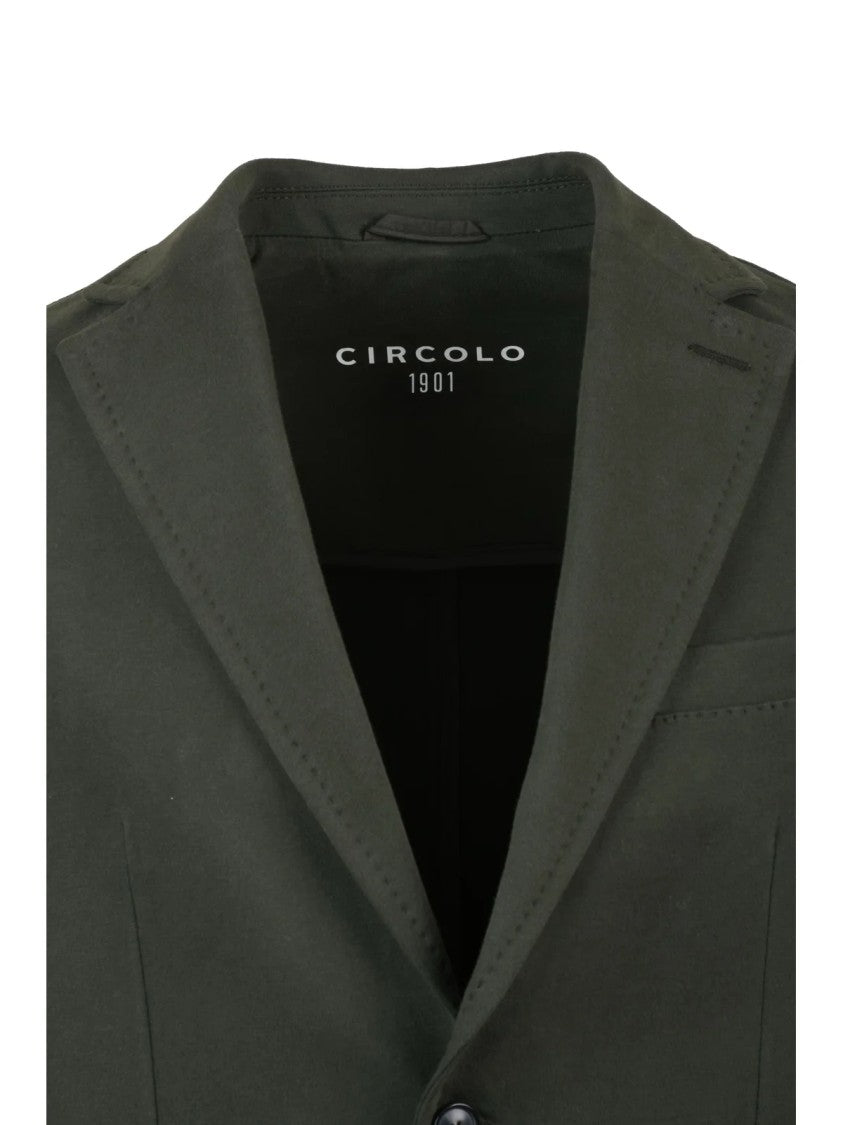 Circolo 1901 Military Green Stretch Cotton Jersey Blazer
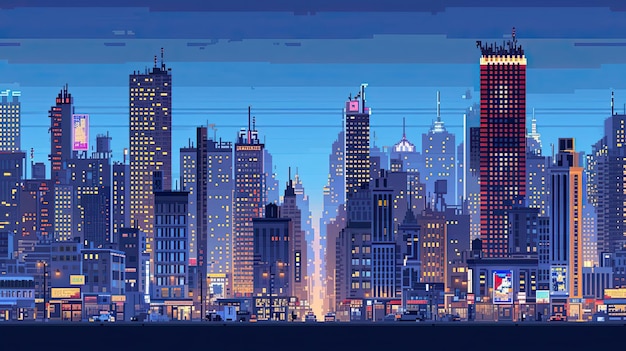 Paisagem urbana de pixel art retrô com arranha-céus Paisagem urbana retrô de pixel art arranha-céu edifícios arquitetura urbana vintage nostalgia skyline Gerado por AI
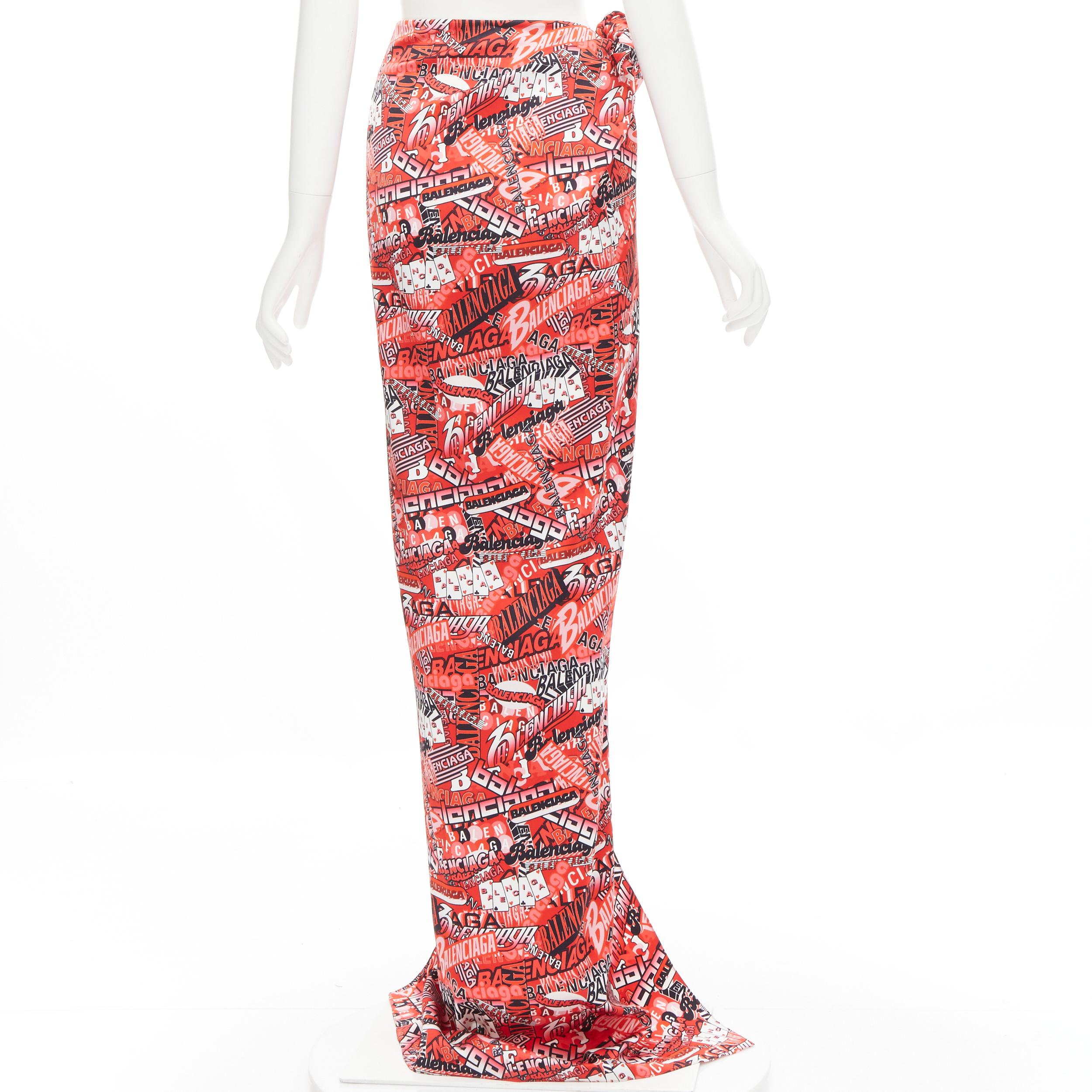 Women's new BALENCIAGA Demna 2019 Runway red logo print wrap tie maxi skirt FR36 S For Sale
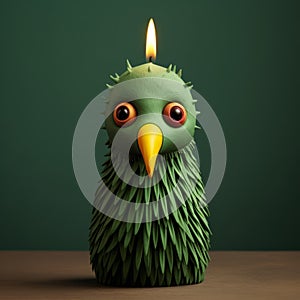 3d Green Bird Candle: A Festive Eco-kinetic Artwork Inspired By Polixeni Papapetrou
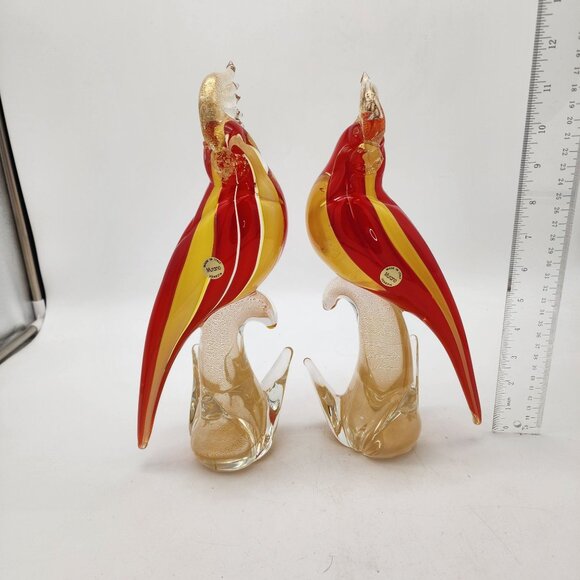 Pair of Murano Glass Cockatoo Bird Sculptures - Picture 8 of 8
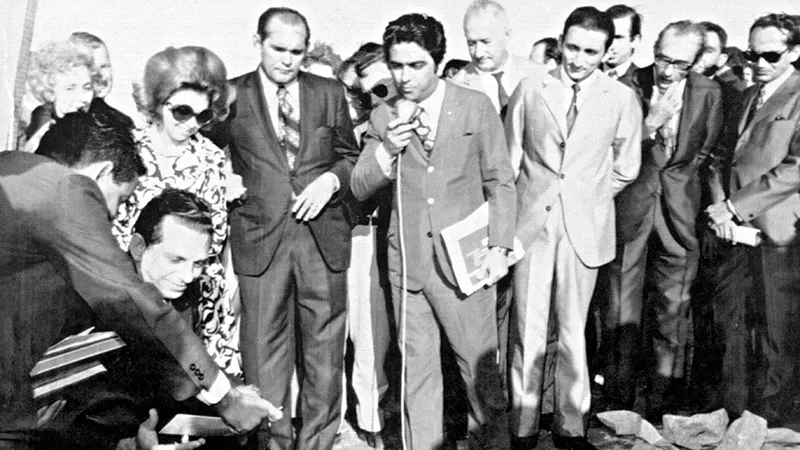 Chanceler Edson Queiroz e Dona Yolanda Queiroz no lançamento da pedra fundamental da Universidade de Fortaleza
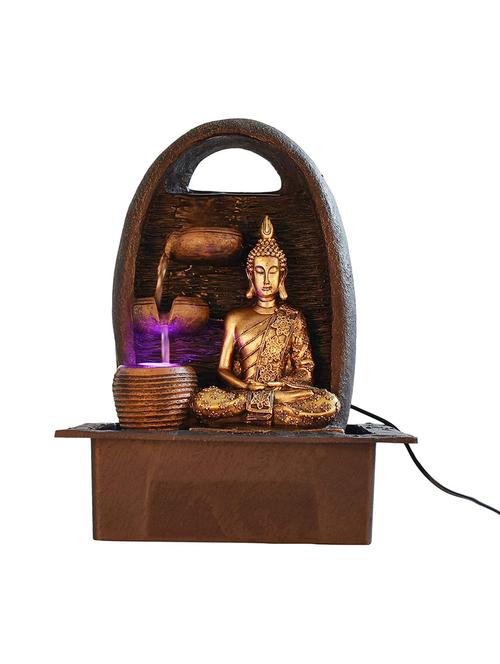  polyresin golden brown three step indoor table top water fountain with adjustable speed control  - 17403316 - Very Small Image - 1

→ YOUR INSTRUCTIONS
Every line from the one containing "Pair of Murano" through the last line of the listing must be written out again exactly, and no other line. Leave the pictures aside.

→ COMPLETED EXERCISE
 Pair of Murano Glass Cockatoo Bird Sculptures - Picture 8 of 8
 Chanceler Edson Queiroz e Dona Yolanda Queiroz no lançamento da pedra fundamental da Universidade de Fortaleza
  polyresin golden brown three step indoor table top water fountain with adjustable speed control  - 17403316 - Very Small Image - 1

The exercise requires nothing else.